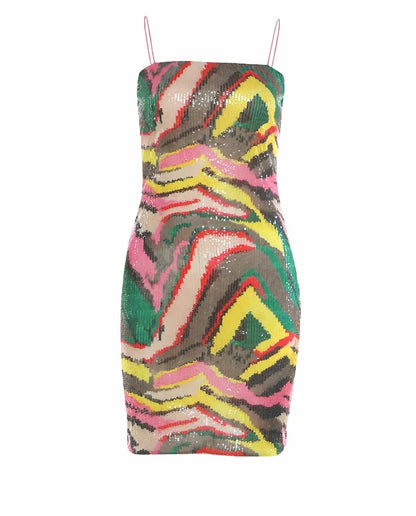 “Plot Twist” Multicolor Sequins Dress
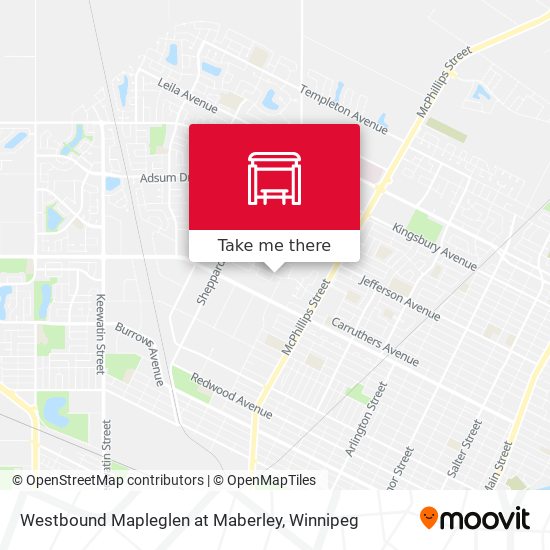 Westbound Mapleglen at Maberley map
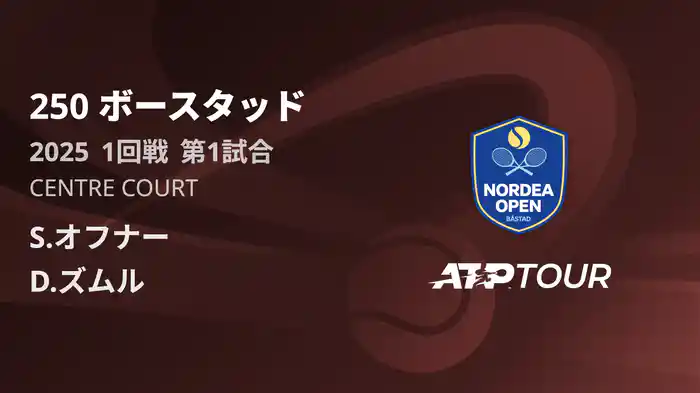 250 ボースタッド 男子シングルス1回戦 S.オフナー VS D.ズムル [ATPツアー 2025]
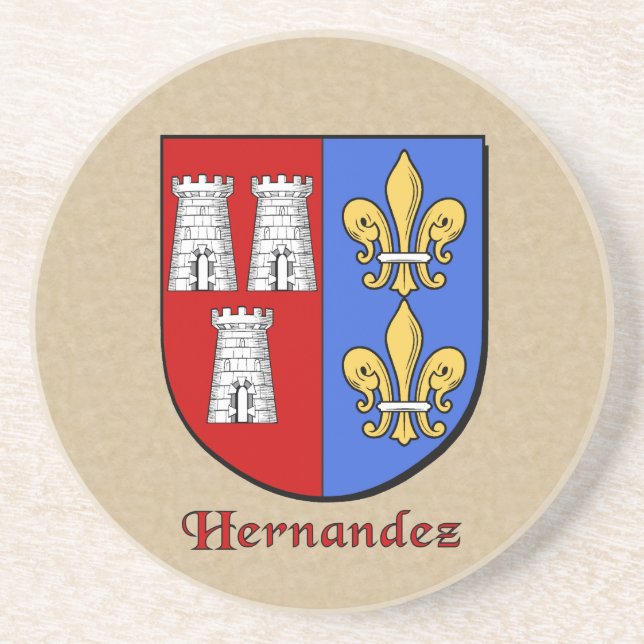 Hernandez Heraldic Shield Sandstone Coaster (Front)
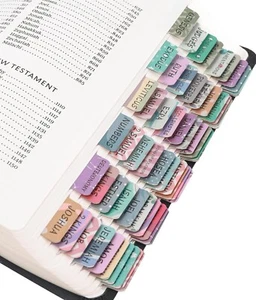 Bible Tabs Laminated Large Print Tabs Study Bibles Boho Theme Easy Navigations - Picture 1 of 7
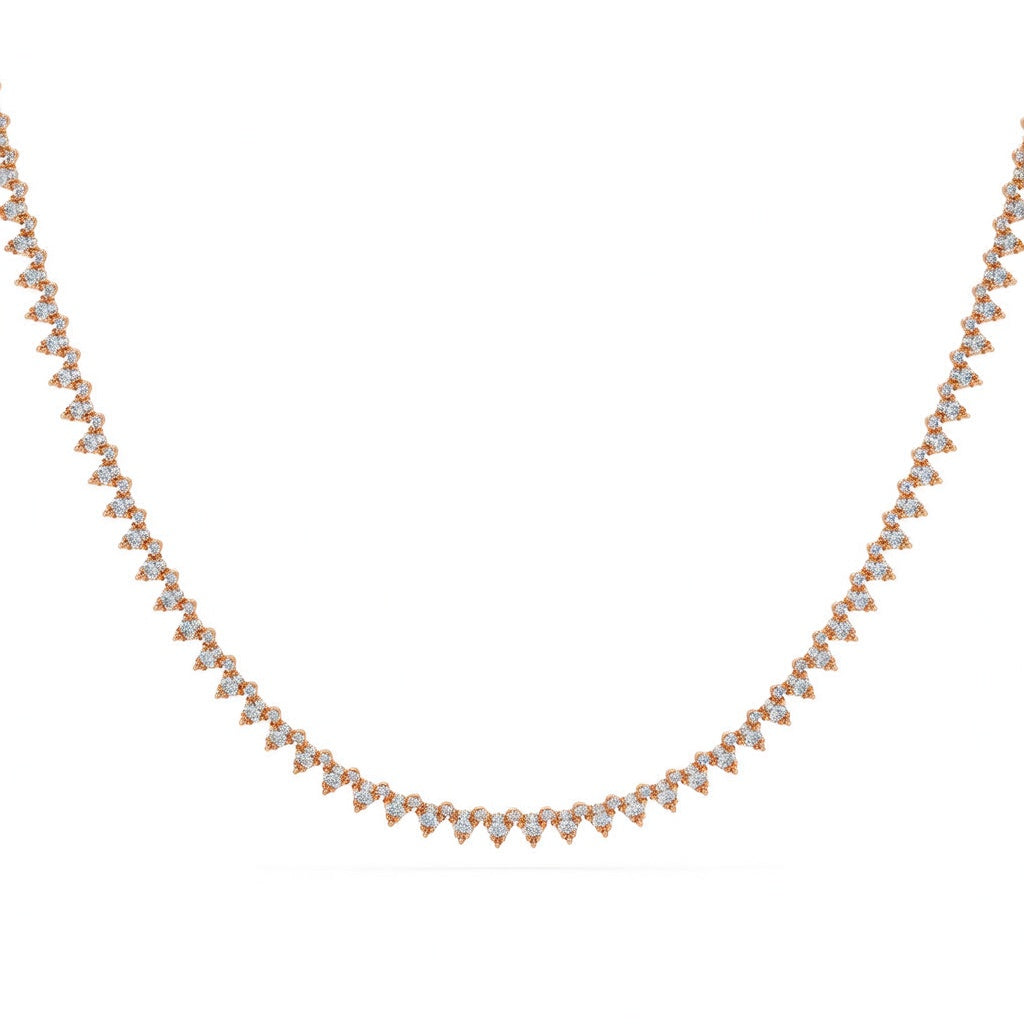 4.5 Ct Round Cut Diamond Tennis Necklace VS1 D-F White Gold 14k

- - - - -

Give back, word for word, the lines from the one containing "250 ボースタッド 男子シングルス1回戦" through the last line of the listing above; include both ends and exclude the pictures.

 250 ボースタッド 男子シングルス1回戦 S.オフナー VS D.ズムル [ATPツアー 2025]
 Hernandez Heraldic Shield Sandstone Coaster (Front)
 Bible Tabs Laminated Large Print Tabs Study Bibles Boho Theme Easy Navigations - Picture 1 of 7
 4.5 Ct Round Cut Diamond Tennis Necklace VS1 D-F White Gold 14k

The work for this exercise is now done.